En ese primer salón futurista, Daniela sirve "cócteles de autor con un rollo divertido, no queremos una coctelería aburrida", señala Alessio Beltrami. Cuentan con bebidas que oscilan un precio de entre 10 y 15 euros. Uno de ellos lo clarifican con leche de chocolate, de melocotón y vainilla, a base de vodka; hay otro con sirope de chamoy casero; otro con tequila y palomita, con un poco de mango y tahini, que "recuerda a Playa del Carmen", apunta el coctelero.

Bajando las escaleras de este particular edificio, que se encuentra en el corazón de la ciudad y en la zona en la que se multiplican los hostales de una y dos estrellas, se abre una "discospa". Así es como denomina Beltrami al sótano de este falso hotel, bajo cuyo suelo no hay ni un aparcamiento ni la lavandería, sino una discoteca cubierta de azulejos de piscina y elementos relacionados con el agua. El baño, junto a la mesa del DJ, guarda una sorpresa en el techo: una reinterpretación del cartel de Schweppes de Callao.

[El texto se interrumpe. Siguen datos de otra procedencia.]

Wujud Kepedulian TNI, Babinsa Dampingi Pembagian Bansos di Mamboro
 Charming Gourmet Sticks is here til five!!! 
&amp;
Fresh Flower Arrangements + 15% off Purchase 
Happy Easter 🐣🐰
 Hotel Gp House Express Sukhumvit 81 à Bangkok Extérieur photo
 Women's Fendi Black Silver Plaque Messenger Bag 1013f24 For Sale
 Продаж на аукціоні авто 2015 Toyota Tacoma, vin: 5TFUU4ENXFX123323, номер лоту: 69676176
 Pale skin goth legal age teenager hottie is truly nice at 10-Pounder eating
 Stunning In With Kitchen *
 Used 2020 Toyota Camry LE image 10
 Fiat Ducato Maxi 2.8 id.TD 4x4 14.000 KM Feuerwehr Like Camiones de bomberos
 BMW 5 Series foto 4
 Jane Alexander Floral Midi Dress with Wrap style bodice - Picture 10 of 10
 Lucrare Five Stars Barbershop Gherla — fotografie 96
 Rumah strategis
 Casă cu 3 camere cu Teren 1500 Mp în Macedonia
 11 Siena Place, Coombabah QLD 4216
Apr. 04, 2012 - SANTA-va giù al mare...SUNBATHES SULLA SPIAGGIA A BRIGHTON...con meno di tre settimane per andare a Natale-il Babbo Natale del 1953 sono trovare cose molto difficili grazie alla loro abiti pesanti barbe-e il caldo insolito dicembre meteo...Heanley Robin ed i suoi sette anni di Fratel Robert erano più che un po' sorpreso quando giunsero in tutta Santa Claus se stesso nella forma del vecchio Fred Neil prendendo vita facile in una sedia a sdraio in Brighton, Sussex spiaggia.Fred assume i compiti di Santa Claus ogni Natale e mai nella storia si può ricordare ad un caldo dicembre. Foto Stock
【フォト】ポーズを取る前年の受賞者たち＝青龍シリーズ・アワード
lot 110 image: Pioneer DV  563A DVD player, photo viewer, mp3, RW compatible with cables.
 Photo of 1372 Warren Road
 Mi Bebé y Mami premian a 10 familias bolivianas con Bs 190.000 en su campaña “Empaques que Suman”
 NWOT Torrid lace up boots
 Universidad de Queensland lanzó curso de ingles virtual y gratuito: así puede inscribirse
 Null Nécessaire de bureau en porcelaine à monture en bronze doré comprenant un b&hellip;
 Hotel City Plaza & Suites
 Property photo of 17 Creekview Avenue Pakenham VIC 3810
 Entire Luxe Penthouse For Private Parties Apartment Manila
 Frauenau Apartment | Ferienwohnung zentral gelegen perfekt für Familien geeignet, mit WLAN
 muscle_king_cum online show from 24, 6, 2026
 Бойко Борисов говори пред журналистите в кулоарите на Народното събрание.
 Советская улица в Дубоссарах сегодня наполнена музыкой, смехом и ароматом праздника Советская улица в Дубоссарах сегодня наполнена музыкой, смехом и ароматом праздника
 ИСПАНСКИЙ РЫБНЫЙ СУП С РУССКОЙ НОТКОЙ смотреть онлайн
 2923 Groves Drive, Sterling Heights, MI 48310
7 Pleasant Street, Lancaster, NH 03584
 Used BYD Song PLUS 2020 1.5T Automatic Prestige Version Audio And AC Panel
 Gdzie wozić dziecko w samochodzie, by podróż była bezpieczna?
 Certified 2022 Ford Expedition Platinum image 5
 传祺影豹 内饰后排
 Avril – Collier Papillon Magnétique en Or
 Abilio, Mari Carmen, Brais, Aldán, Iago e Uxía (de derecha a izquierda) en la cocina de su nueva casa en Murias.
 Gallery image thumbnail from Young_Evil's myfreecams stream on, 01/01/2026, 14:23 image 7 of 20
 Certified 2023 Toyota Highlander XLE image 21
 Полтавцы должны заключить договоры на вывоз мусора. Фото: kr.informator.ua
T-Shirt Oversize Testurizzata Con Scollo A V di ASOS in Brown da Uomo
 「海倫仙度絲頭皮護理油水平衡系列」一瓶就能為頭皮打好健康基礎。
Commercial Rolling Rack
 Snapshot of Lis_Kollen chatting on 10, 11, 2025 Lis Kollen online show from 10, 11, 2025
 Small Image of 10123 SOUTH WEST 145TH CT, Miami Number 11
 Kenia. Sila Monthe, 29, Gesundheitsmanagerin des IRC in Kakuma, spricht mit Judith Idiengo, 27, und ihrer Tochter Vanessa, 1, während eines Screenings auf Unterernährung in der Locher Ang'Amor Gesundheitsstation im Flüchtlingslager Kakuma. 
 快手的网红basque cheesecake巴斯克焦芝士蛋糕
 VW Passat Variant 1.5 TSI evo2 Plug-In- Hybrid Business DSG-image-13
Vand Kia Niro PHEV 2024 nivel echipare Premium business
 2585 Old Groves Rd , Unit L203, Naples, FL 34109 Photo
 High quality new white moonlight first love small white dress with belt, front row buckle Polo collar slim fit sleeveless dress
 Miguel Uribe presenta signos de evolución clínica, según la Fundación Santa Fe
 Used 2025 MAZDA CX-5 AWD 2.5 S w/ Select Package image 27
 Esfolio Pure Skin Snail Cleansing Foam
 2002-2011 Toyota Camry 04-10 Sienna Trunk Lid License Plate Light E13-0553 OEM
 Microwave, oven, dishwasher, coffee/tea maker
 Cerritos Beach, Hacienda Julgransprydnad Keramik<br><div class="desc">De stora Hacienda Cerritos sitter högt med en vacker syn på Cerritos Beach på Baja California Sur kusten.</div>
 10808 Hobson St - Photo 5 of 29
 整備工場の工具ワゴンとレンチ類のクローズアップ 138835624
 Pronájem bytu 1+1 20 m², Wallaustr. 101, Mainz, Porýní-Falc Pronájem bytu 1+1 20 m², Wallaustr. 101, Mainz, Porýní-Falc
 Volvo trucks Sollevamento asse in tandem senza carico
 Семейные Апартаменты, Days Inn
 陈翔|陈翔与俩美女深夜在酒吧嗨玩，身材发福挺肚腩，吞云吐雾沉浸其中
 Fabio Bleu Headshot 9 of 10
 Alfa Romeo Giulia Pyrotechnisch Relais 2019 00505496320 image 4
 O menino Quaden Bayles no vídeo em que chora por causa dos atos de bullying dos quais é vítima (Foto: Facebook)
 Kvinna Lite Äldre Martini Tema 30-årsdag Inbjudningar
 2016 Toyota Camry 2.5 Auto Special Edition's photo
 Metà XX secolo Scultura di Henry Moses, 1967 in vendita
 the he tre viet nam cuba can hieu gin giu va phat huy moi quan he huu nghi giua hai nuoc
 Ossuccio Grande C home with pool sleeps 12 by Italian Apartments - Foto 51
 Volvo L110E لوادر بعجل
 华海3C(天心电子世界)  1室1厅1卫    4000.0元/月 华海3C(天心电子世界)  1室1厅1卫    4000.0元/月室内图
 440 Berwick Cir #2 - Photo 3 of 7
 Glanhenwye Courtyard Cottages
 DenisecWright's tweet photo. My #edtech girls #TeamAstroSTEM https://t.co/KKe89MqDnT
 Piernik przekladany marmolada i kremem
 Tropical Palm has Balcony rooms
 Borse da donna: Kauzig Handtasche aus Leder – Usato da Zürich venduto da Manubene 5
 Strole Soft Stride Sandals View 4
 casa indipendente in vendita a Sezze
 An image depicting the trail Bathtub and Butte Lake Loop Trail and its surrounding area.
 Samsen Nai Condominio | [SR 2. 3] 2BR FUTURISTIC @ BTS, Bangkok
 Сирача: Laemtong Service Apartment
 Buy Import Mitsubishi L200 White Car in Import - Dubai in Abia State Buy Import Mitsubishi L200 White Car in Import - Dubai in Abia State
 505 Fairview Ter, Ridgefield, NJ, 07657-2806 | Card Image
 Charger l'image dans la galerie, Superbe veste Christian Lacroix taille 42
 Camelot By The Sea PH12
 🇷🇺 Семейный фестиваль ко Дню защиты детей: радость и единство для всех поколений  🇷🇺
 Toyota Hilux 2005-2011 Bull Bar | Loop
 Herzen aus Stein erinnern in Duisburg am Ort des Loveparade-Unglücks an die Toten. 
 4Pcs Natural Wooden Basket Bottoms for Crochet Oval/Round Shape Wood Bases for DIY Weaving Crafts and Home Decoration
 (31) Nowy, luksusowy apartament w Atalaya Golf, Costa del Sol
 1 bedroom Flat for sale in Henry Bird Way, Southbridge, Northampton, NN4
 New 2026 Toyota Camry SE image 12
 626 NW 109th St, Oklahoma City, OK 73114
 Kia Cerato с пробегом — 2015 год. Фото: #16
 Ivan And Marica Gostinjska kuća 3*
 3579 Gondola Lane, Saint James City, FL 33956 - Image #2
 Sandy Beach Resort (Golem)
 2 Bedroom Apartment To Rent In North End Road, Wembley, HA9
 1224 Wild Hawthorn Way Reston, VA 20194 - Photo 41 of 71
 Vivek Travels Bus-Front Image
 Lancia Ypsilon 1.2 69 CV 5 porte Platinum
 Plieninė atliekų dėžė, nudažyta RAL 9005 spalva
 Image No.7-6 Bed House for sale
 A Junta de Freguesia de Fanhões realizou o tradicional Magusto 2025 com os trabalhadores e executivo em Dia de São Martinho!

En la discospa, sin apenas lugares para sentarse, con el objetivo de que los clientes se animen a bailar, el equipo de Beltrami ofrece una "coctelería más rápida y accesible, con sabores e ingredientes bastante conocidos". Cuentan con dos cócteles de grifo y otros cuatro que reinterpretan, entre otros, el Porn Star Martini o del Moscow Mule, "cócteles que la gente ya conoce con un toque extra", dice.

Una suite diseñada por el equipo de C. Tangana

La tercera planta de la que dispone Pensión Mimosas se ubica en el primer piso del edificio. Aún no está abierta al público, y no lo estará hasta "marzo o abril", calcula Alessio Beltrami, que siempre soñó con abrir "un bar que fuera como un hostal" y que cumple ahora ese anhelo con la materialización de la idea de Álvarez, Falcón y Kerri. A este coctelero le contactaron cuando se encontraba pasando una temporada en Australia y no pudo negarse a formar parte de Pensión Mimosas, que abrió sus puertas el 20 de noviembre.

Pese al poco tiempo que lleva en funcionamiento, la coctelería ya acumula pequeñas colas de interesados en conocer el lugar en la calle del Marqués Viudo de Pontejos, justo en frente de la casita del Ratoncito Pérez. La tercera planta será una suite imperial, un espacio que contará con la cama, el armario y otros elementos propios de las mejores habitaciones de los hoteles. Allí también se podrán pedir combinados, pero lo importante de esa planta será, dice Beltrami, la "experiencia".

"Tendremos cócteles de tamaño más pequeño y como si el cliente estuviera sentado en un restaurante Michelin", expresa. Podrán acceder a una degustación, "con un cóctel que vuela, otro de fuego" y con los pasos propios de un restaurante de alta cocina. "Son técnicas más desarrolladas, más complejas", sostiene. La marca de C. Tangana, Late Checkout, está trabajando en el diseño de esa planta, en la que no faltarán los "botones" y la estética propia de la última gira del ahora director, Sin cantar ni afinar Tour. Actualmente, trabajan cinco personas en el establecimiento y abren de miércoles a domingo, pero planean abrir todos los días, por lo que necesitarán "más personal".